Direct stenting, especially with closed stents design appear to be the safest technique to trap thrombi and prevent distal thrombus migration.4 It also stimulate the formation of a stable neointima and establish a normal flow.1 In this case we deployed the stent in the irregular and hypodense atherosclerotic plaque. We used a right brachial approach, which provides a greater stability and also a straightforward route which aids stent deployment.

Some authors suggest the use of a balloon to protect the vertebral artery and avoiding embolization or occlusion, which is really useful if the atherosclerosis lesion is close to the origin of the vertebral artery.1 In this particular case, we did not use it due to the location of the plaque, which was not near the vertebral artery origin.

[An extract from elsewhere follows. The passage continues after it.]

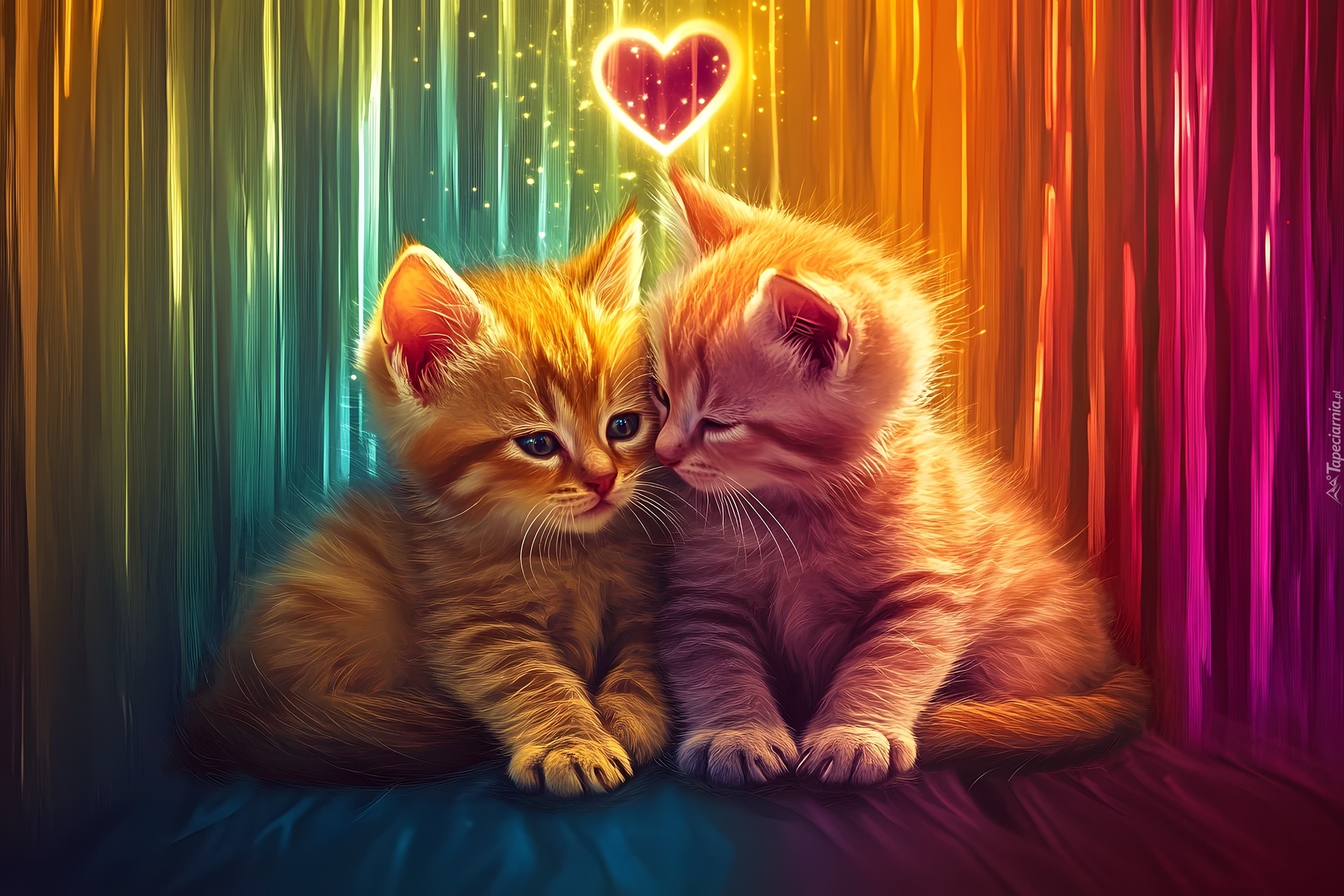 Dwa, Małe, Koty, Serduszko, Kolorowe tło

Surgery to correct the proximal underlying source includes subclavian carotid transposition and carotid subclavian bypass with proximal ligation.1 This carry a perioperative death rate of 0–2% and a stroke rate of 1.0–3.0%.1 In addition, 1.0–2.0% of grafts become infected.1 Other complications reported are phrenic nerve injury, thoracic duct laceration and Horners syndrome.1

The authors have no conflicts of interest to declare.